_Activity_. Scan the records below for the line containing "Foto fra venstre: Elev" and the line containing "Bitlis Eren Üniversitesi". Copy both, plus every line between, exactly.

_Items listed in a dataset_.
[Start of section]

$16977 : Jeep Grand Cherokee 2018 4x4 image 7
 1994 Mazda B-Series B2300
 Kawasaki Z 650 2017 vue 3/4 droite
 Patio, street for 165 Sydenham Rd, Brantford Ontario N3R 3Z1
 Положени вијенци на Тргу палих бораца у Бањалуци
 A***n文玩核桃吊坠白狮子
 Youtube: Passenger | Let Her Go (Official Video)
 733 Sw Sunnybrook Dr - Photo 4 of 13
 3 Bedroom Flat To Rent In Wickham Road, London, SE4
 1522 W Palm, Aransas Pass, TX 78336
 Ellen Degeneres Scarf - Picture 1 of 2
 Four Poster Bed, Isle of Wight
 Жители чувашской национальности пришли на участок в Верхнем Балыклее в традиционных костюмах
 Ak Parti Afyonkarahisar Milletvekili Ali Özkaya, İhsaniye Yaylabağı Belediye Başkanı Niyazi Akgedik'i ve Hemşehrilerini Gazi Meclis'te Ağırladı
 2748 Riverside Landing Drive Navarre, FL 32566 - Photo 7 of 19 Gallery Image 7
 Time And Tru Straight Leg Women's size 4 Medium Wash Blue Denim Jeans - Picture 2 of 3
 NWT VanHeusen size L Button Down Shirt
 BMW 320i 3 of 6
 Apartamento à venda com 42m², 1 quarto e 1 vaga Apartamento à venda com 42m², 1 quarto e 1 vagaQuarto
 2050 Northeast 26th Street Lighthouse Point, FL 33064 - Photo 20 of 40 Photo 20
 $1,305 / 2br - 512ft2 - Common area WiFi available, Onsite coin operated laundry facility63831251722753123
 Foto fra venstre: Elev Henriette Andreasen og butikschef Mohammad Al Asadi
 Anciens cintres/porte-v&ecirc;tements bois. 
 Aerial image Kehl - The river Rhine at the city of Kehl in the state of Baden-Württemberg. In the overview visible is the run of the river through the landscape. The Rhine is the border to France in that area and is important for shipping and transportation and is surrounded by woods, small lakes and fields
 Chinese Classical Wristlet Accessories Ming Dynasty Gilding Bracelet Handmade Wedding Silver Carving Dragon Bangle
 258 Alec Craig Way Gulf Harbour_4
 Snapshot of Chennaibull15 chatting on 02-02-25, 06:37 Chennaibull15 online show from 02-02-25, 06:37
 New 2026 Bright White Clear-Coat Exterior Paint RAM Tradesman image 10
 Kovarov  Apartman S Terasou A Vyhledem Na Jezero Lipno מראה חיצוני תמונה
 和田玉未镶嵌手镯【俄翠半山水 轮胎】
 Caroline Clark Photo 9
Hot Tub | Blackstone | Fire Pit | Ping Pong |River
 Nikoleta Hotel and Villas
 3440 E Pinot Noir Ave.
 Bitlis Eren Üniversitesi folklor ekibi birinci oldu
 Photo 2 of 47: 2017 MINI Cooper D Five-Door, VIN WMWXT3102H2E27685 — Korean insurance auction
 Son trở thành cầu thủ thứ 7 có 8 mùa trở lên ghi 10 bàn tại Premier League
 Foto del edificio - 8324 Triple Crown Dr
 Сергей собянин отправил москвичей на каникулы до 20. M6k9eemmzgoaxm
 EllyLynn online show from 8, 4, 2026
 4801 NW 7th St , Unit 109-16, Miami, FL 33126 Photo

[End of section]

_Response to the task_.
 Foto fra venstre: Elev Henriette Andreasen og butikschef Mohammad Al Asadi
 Anciens cintres/porte-v&ecirc;tements bois. 
 Aerial image Kehl - The river Rhine at the city of Kehl in the state of Baden-Württemberg. In the overview visible is the run of the river through the landscape. The Rhine is the border to France in that area and is important for shipping and transportation and is surrounded by woods, small lakes and fields
 Chinese Classical Wristlet Accessories Ming Dynasty Gilding Bracelet Handmade Wedding Silver Carving Dragon Bangle
 258 Alec Craig Way Gulf Harbour_4
 Snapshot of Chennaibull15 chatting on 02-02-25, 06:37 Chennaibull15 online show from 02-02-25, 06:37
 New 2026 Bright White Clear-Coat Exterior Paint RAM Tradesman image 10
 Kovarov  Apartman S Terasou A Vyhledem Na Jezero Lipno מראה חיצוני תמונה
 和田玉未镶嵌手镯【俄翠半山水 轮胎】
 Caroline Clark Photo 9
Hot Tub | Blackstone | Fire Pit | Ping Pong |River
 Nikoleta Hotel and Villas
 3440 E Pinot Noir Ave.
 Bitlis Eren Üniversitesi folklor ekibi birinci oldu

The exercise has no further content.